Consumer advocates note that there are good calling card deals available — most of them through prepaid cards that can be purchased at retail outlets like Costco. And meticulous consumers with a high tolerance for legalese can avoid some of the traps with other types of cards. If Oseroff had read all of the footnotes and caveats in those seemingly simple Verizon marketing letters, for example, she might have been braced for USAN.
But consumers who do not shop around or who are not exceedingly careful in actually dialing their calling card calls can pay effective rates of $1 a minute — or even more.
"If you let the companies direct you, they'll put you into whatever plan they can get you into, and it probably won't be the cheapest," said Jeff Blyskal, an associate editor at Consumer Reports magazine who has written about calling cards. "If you do your own legwork and shopping, that's really the only way to get the cheapest rates."
Oddly, the most expensive rates usually arise when consumers do as many were taught years ago when making a calling card call: dial zero and the phone number, then wait for the tone and enter the card number.
That is what one New Yorker did when he used his Verizon card while on vacation last summer in Vermont and on Nantucket. (He shared his calling records on condition of anonymity.) When the bills came, WorldCom had charged $6.36 for a one-minute call to Chappaqua, and $24.68 for a 20-minute call to Hastings. AT&T had charged $5.88 for a one-minute call to Manhattan and $14.78 for an 11-minute call to Scarsdale.
The problem was that the New Yorker had used his Verizon card on the networks of two companies that were not Verizon or affiliated with it; unlike Oseroff, he had not first dialed the toll-free number that Verizon had told him to call.
With a calling card these days, starting the call by dialing zero is tantamount to spinning a roulette wheel. And the house almost always wins.
Back when AT&T was the nation's monopoly long-distance carrier, before 1984, AT&T issued essentially all of the calling cards and a consumer who dialed zero was automatically connected to the AT&T network.
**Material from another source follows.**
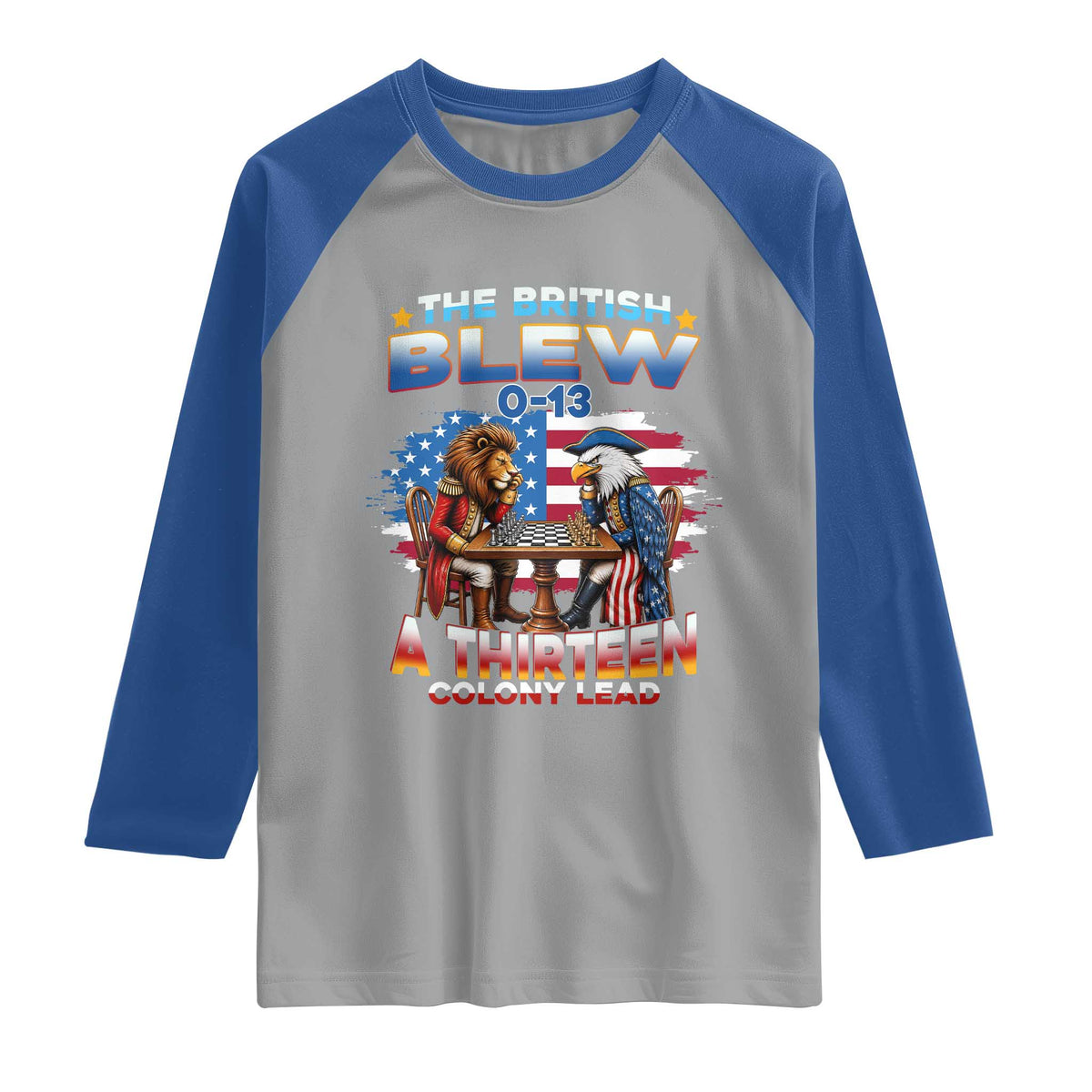 The British Blew A Thirteen Colony Lead 0-13 Lion vs Eagle Raglan Shirt Chess Match Patriotic 4th of July Funny History Graphic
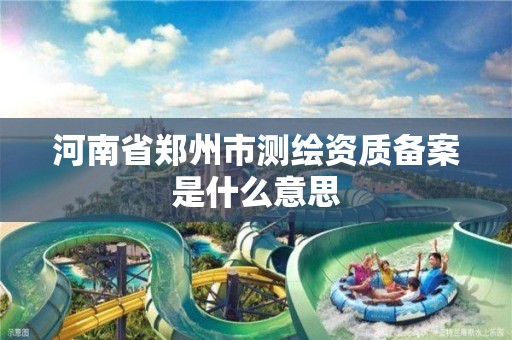 河南省郑州市测绘资质备案是什么意思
But now there are hundreds of long-distance carriers, and when consumers dial zero, they are using the network of whatever carrier that phone has been assigned to. That default carrier can generally verify the validity of a calling card from another carrier, like Verizon, but the rates will be sky-high.
"There is no question that the most expensive way you can make a call is to use a calling card on another company's network," said Mark Siegel, an AT&T spokesman.
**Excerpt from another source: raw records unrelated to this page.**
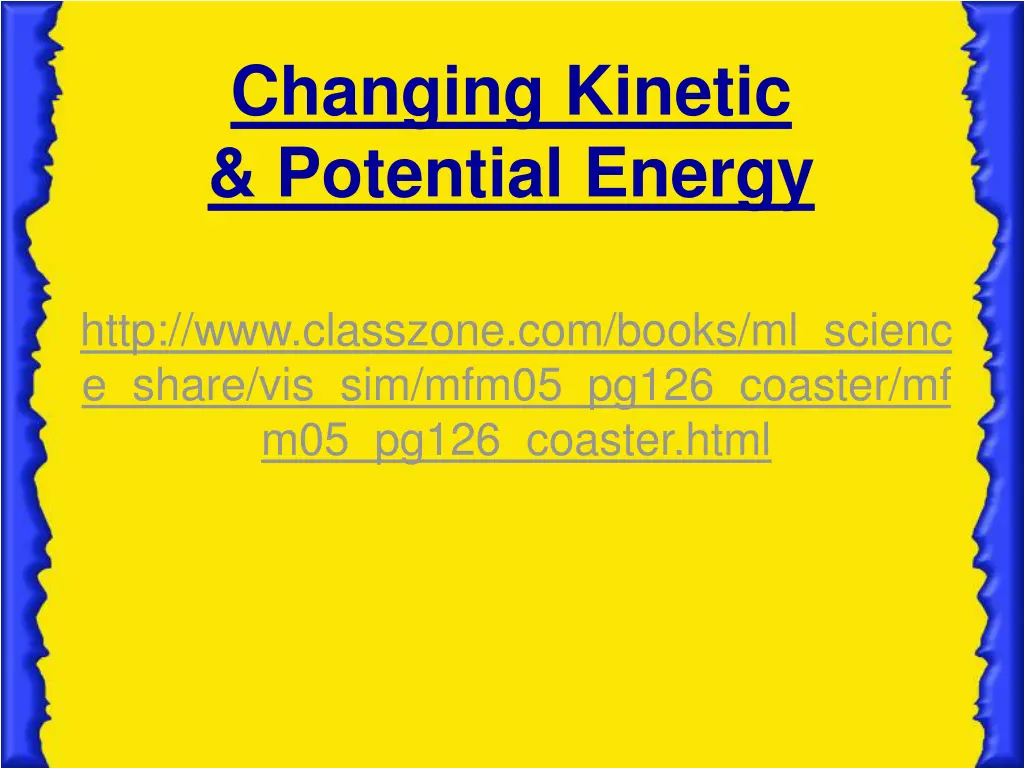 changing kinetic potential energy 9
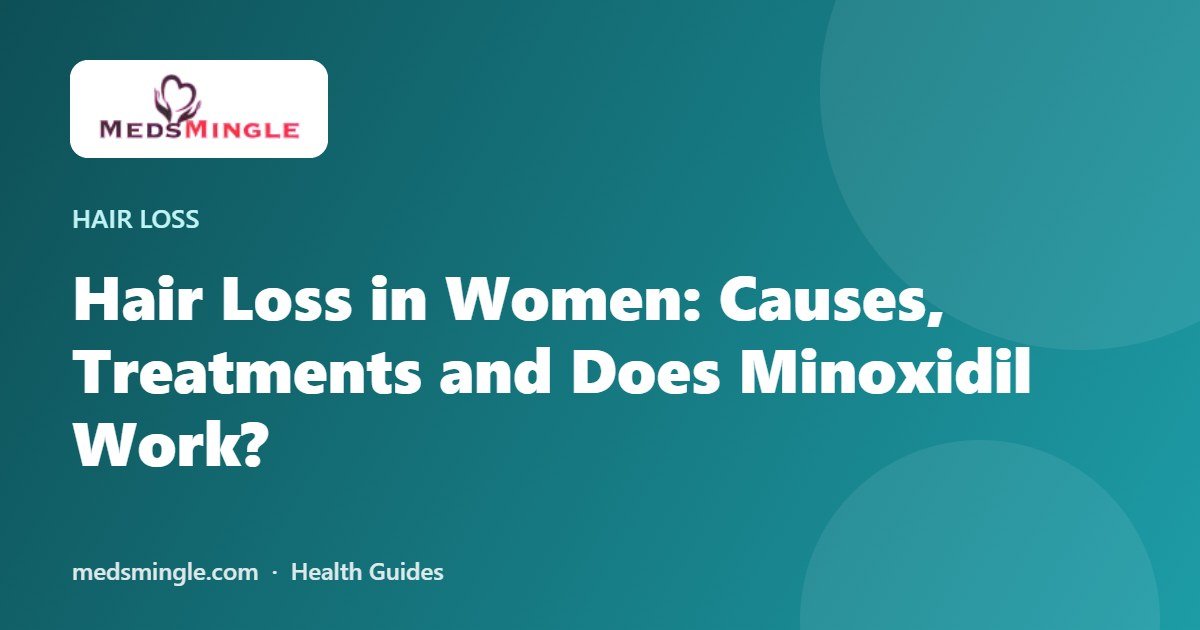 Hair Loss in Women: Causes, Treatments and Does Minoxidil Work?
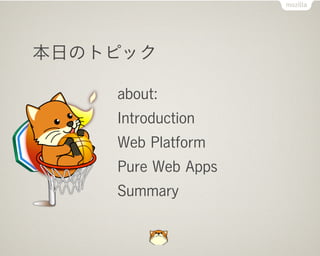 本日のトピック

    about:
    Introduction
    Web Platform
    Pure Web Apps
    Summary
 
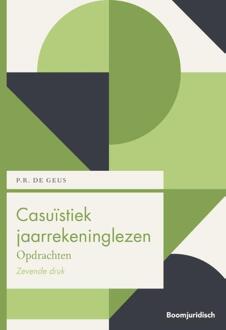 Boom Uitgevers Den Haag Casuïstiek Jaarrekeninglezen - Boom Juridische Studieboeken - P.R. de Geus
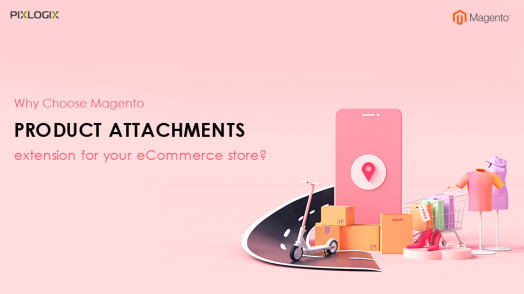 Magento 2 Product Attachments Extension - Read Benefits Today!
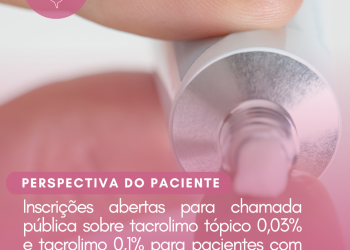 Dermatite atópica: Tacrolimo tópico 0,03% e tacrolimo 0,1%/Perspectiva do Paciente – CONITEC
AT&T, WorldCom and Sprint, the top three long-distance carriers, charge a "set-up" fee for each call that is made on their networks with another company's card. For AT&T, the No. 1 carrier, that fee was 60 cents as recently as 1997. But today, the set-up fee charged by each of the big three companies is $4.99. (In addition, AT&T and Sprint each charge 89 cents a minute for such calls while WorldCom says it charges a variable per-minute rate based on the distance of the call and the time of day.)
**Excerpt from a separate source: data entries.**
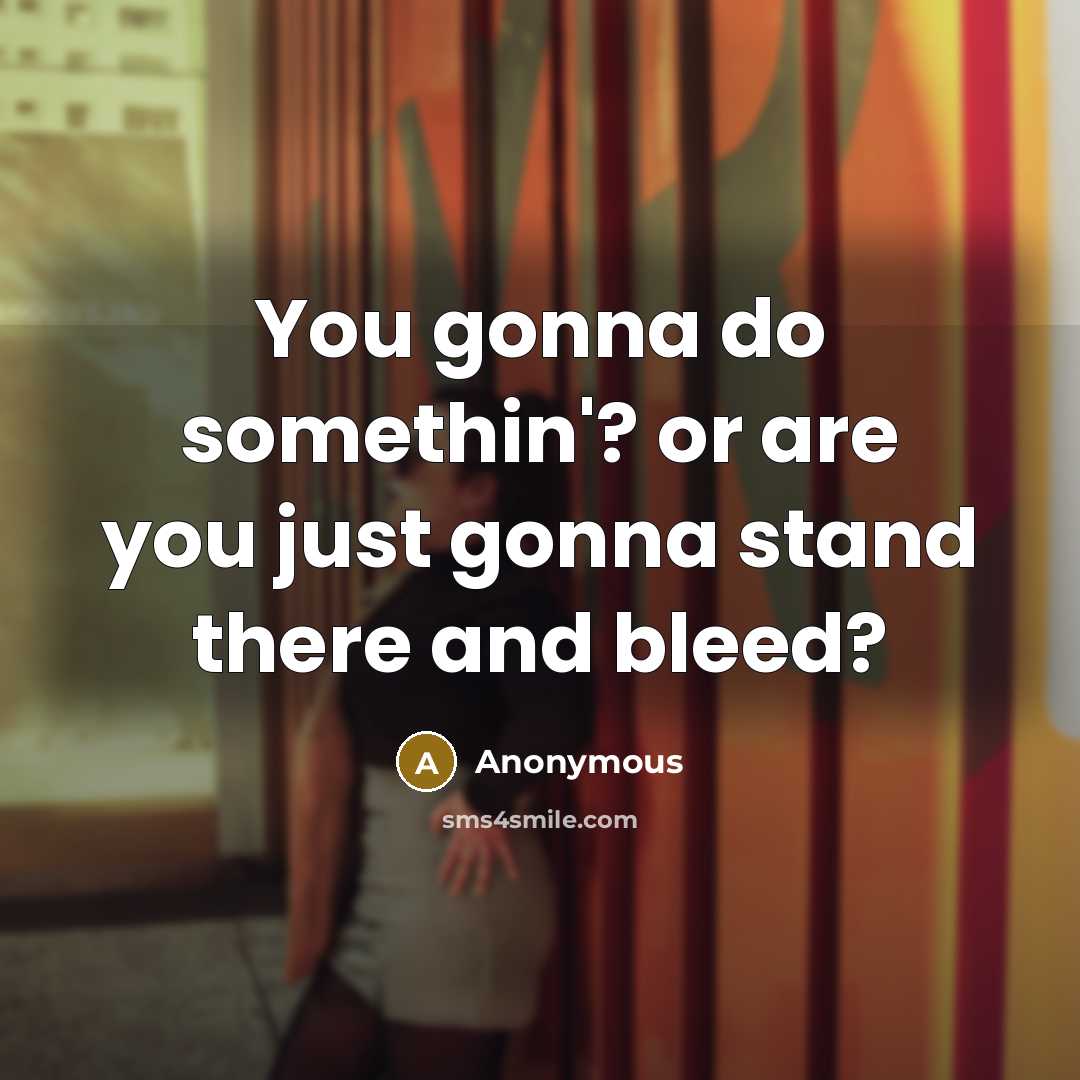 “You gonna do somethin'? or are you just gonna stand…” quote by Anonymous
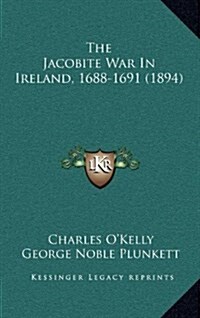 The Jacobite War in Ireland, 1688-1691 (1894) (Hardcover)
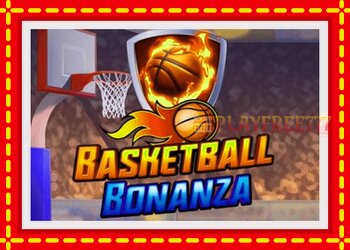 Slot machine Basketball Bonanza with free online game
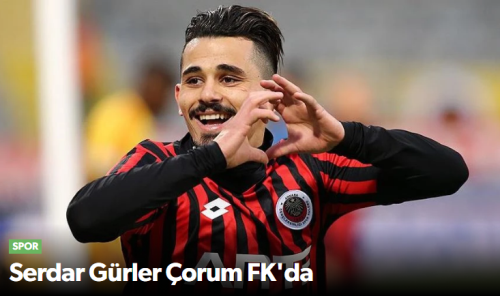 Çorum FK Serdar Gürler ile Prensip Anlaşmasına Vardı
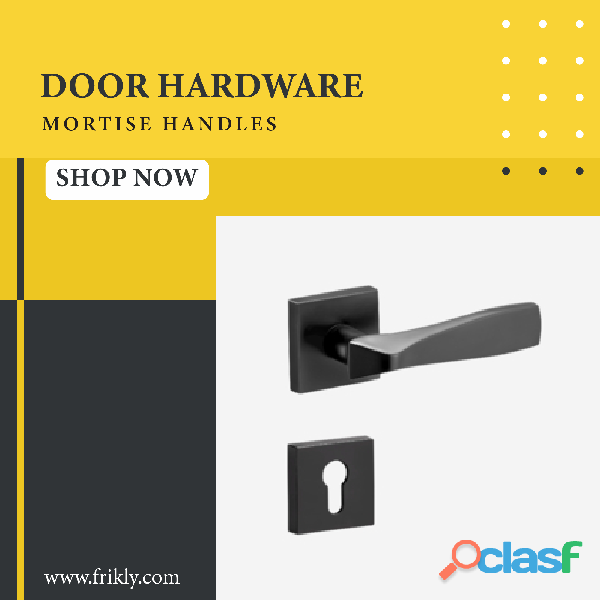 Buy Premium Quality Mortise Handles Online at Low Prices In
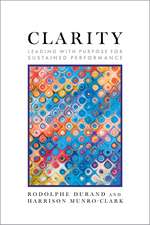 CLARITY: Leading with Purpose for Sustained Performance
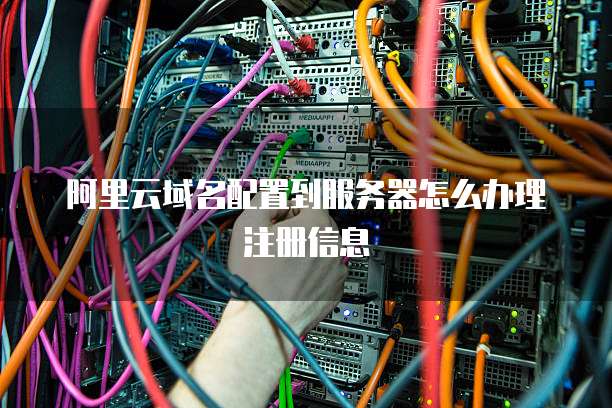 阿里云域名配置到服务器怎么办理注册信息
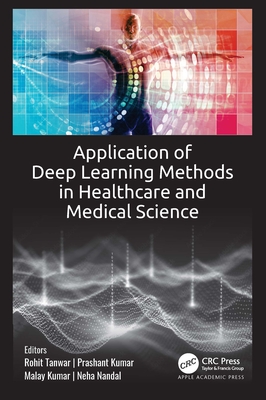 Application of Deep Learning Methods in Healthcare and Medical Science - Tanwar, Rohit (Editor), and Kumar, Prashant (Editor), and Kumar, Malay (Editor)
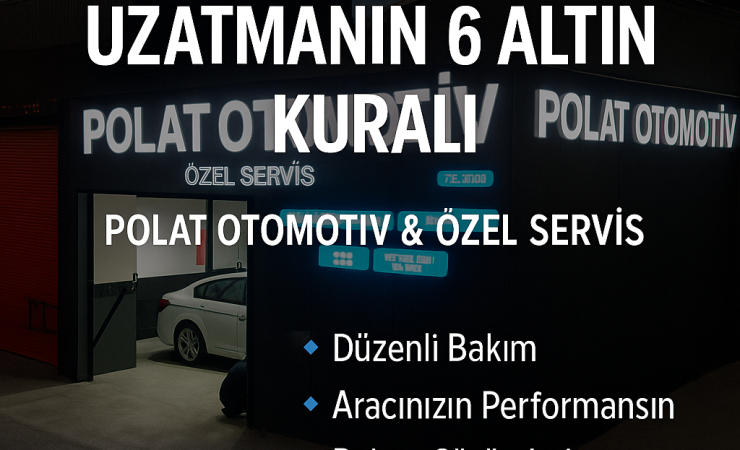 Polat Otomotiv & Özel Servis – Aracınızın ömrünü uzatan bakım ve onarım hizmeti
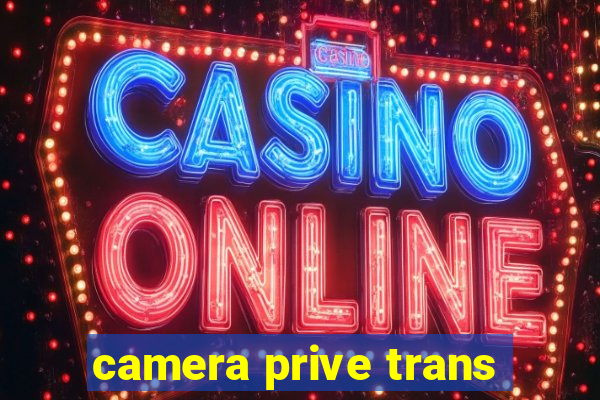 camera prive trans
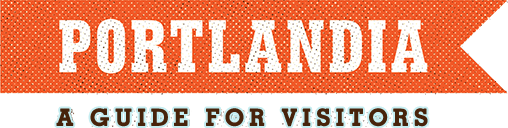 Portlandia: A guide for visitors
"Everyone follows AT&T's rates," said William E. Cheek, a Sprint vice president for sales and account management. "The rates are pegged based on what that dominant carrier charges."
Siegel of AT&T said the set-up fees reflected the companies' costs.
If a consumer is using a card from another company, "we have to establish a one-time and one-time-only account for you," Siegel said. "You have to take account of the data processing and other costs associated with that on a one-time basis."
As for why the set-up charges have increased by more than eightfold since 1997, Siegel said, "We base our rates on market conditions and our own costs and we took a look at both and our rates are what they are.